Anora de Sean Baker

ANORA

de Sean Baker

Anora de Sean Baker raconte l’univers d’Anora, une strip-teaseuse d’une vingtaine d’années interprétée avec brio par Mikey Madison. Se faisant appeler Ani, elle choisit ce pseudo comme un moyen de se réinventer et de se protéger des dangers qui l’entourent.

L’histoire prend un tournant lorsque le patron d’Ani lui demande de se rapprocher d’un jeune Russe, Vanya (Mark Eidelstein), qui, partageant sa langue, semble offrir une opportunité singulière. Après avoir bénéficié d’un traitement VIP, Vanya lui propose de coucher avec lui dans son luxueux manoir. Il s’avère que Vanya est le fils d’un oligarque, dépensant avec enthousiasme l’argent de ses parents restés en Russie.

L’introduction d’Ivan crée un contraste marquant. Pour Anora, il représente à la fois une forme de sécurité et une échappatoire, mais également une naïveté déconcertante qui remet en question sa perception du monde.

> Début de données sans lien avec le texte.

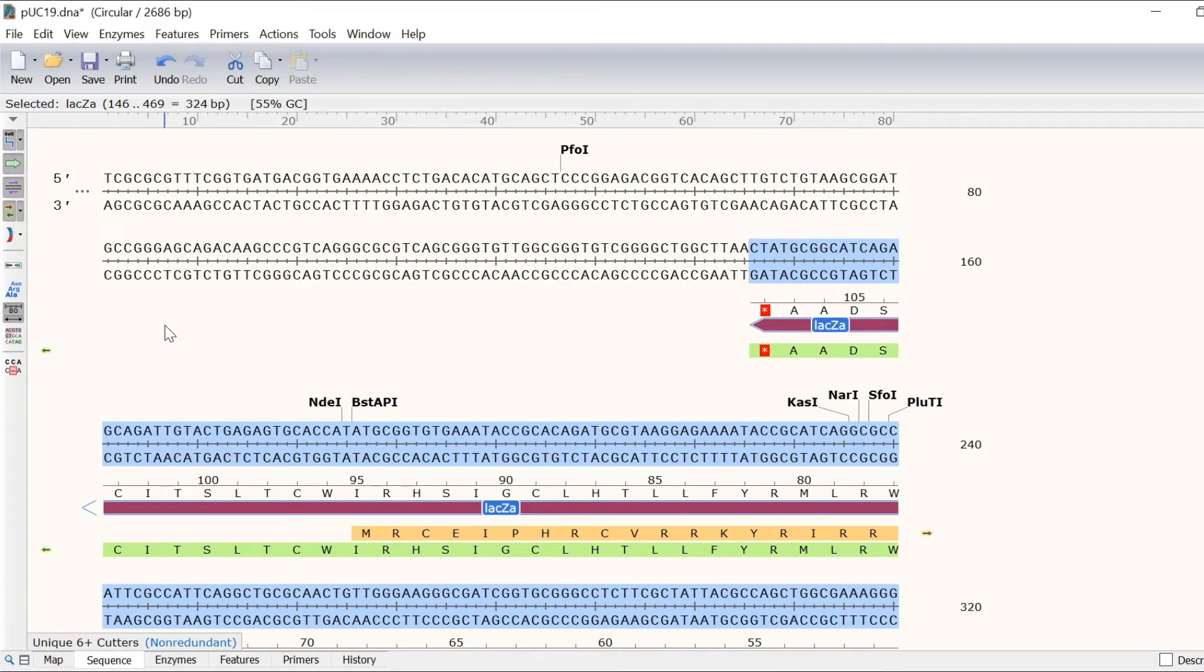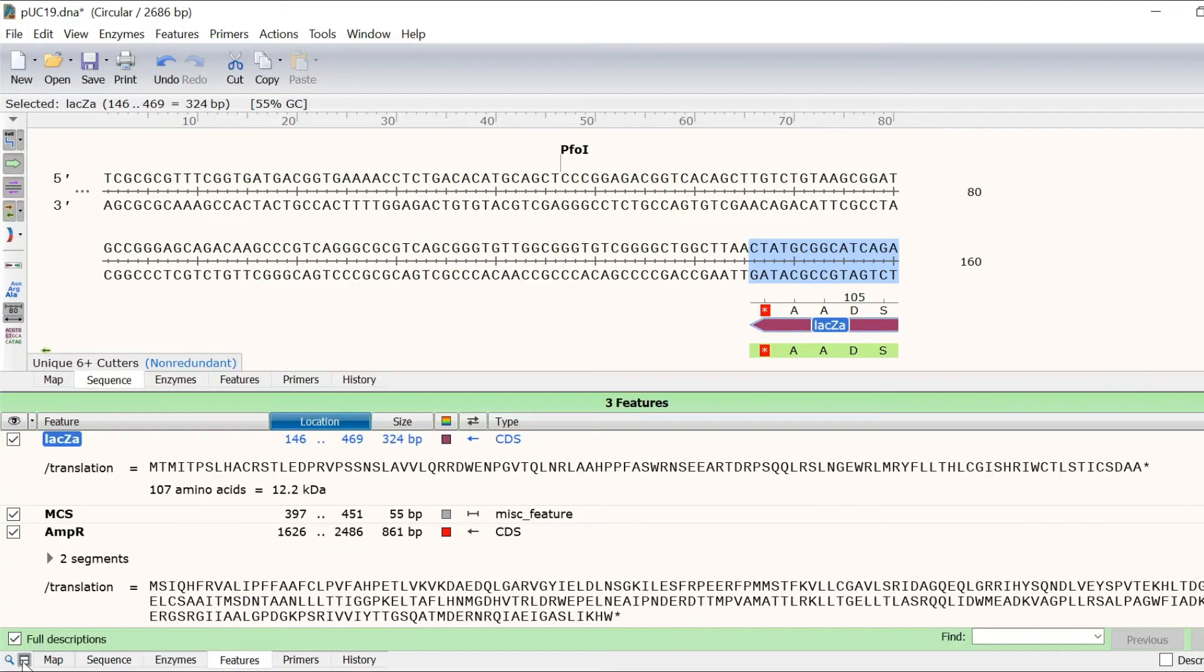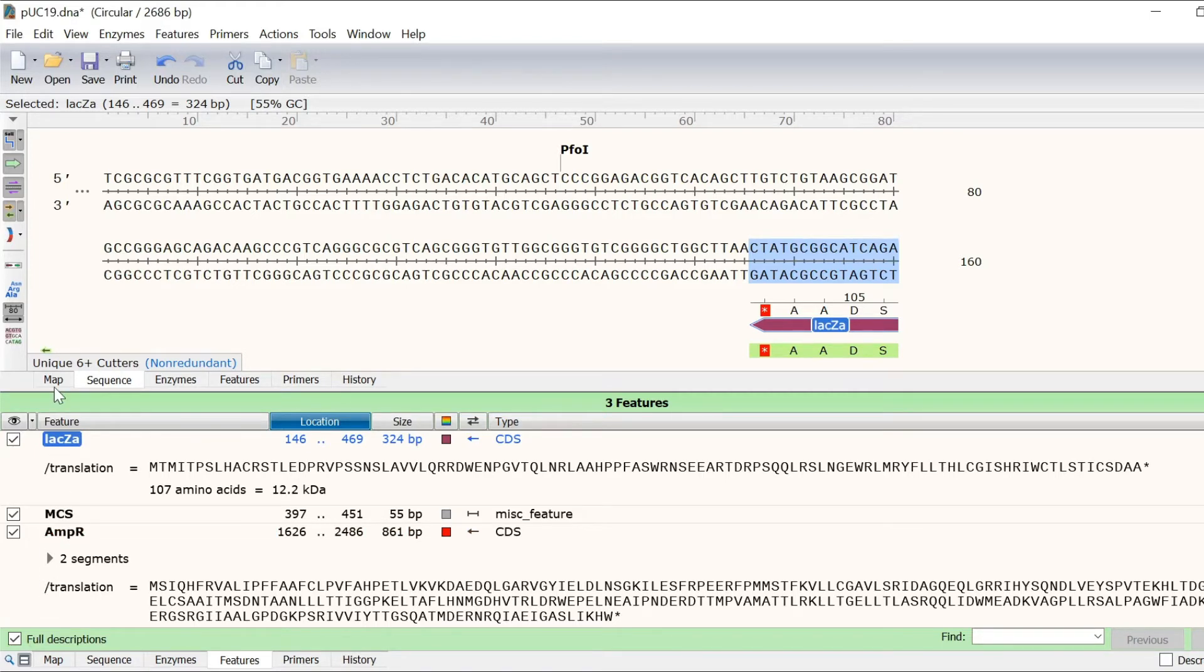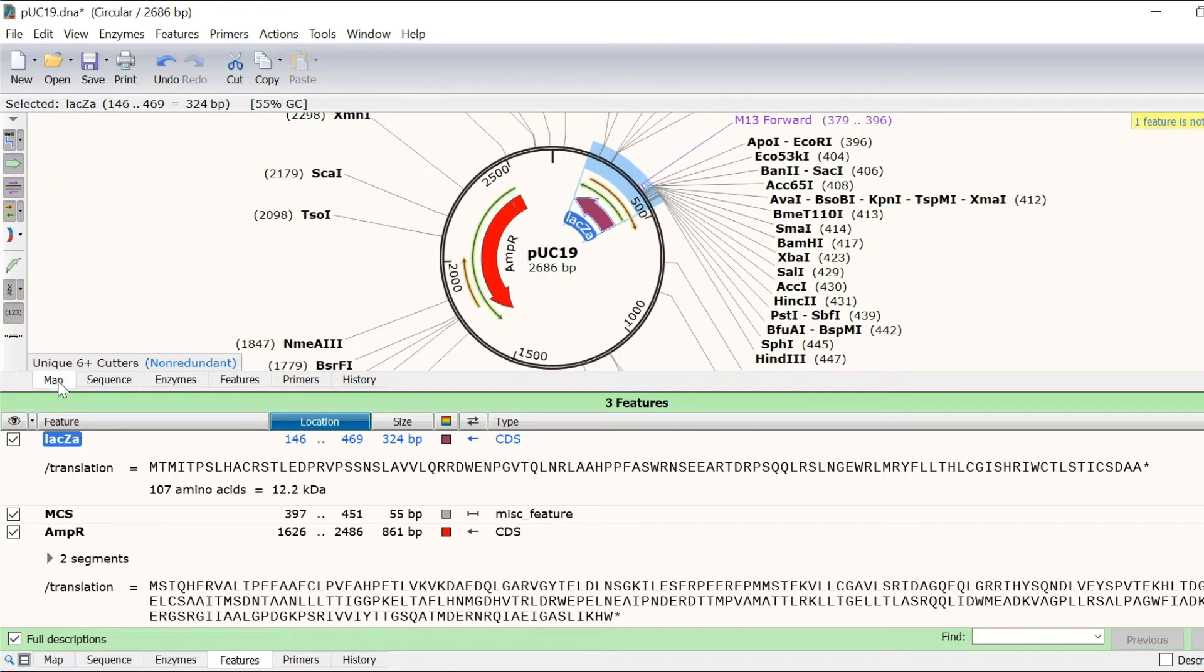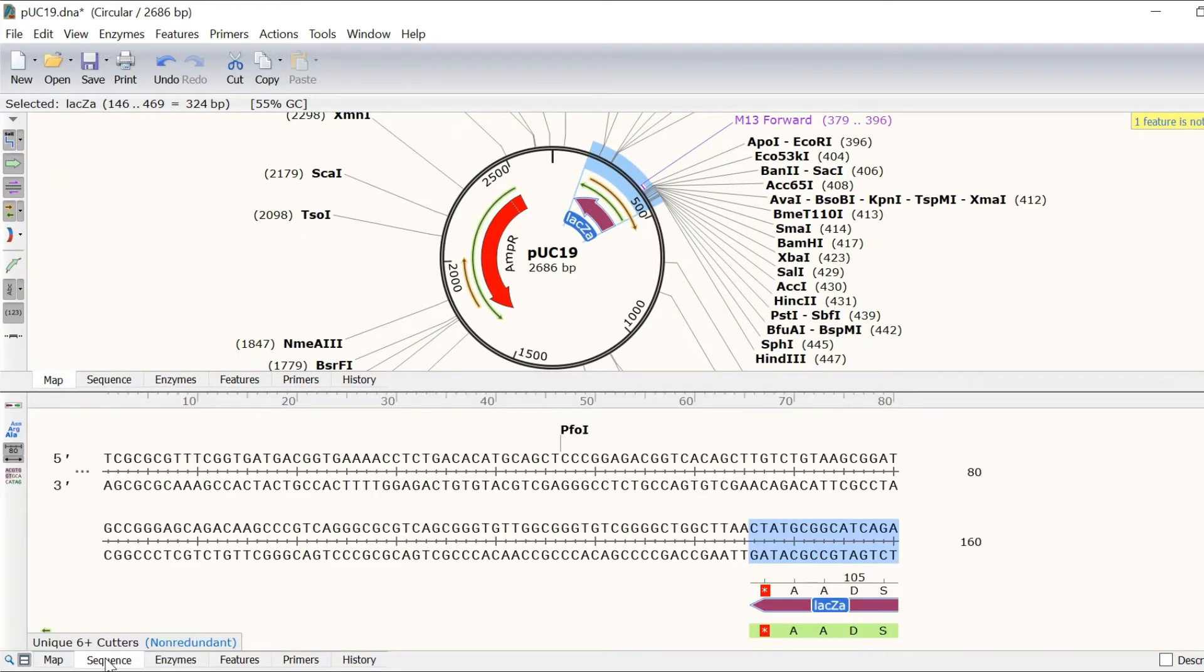The split window button at the bottom enables you to split the Snapgene window into two. This is useful when you want to view two different tabs at the same time. For example, you can view the map view and cross check the DNA sequence with sequence view, all within the same screen without the need to switch tabs.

La dynamique entre Anora et Ivan est l’un des points forts du film, mettant en lumière une relation fascinante et tragique qui illustre les illusions et désillusions des rêves d’ascension sociale et de romance. Bien que présenté comme un « chevalier en armure brillante », Ivan incarne aussi les dangers de l’irréalité, rappelant que le bonheur ne se résume pas à la richesse ou au statut.

Réalisé avec une sensibilité aiguë, Anora dépeint une femme intelligente, indépendante et résiliente, évoluant dans un environnement où pouvoir et vulnérabilité coexistent constamment. Le film met en avant ses luttes internes et les compromis qu’elle doit faire, soulignant la tension entre ses aspirations et les limitations imposées par son milieu.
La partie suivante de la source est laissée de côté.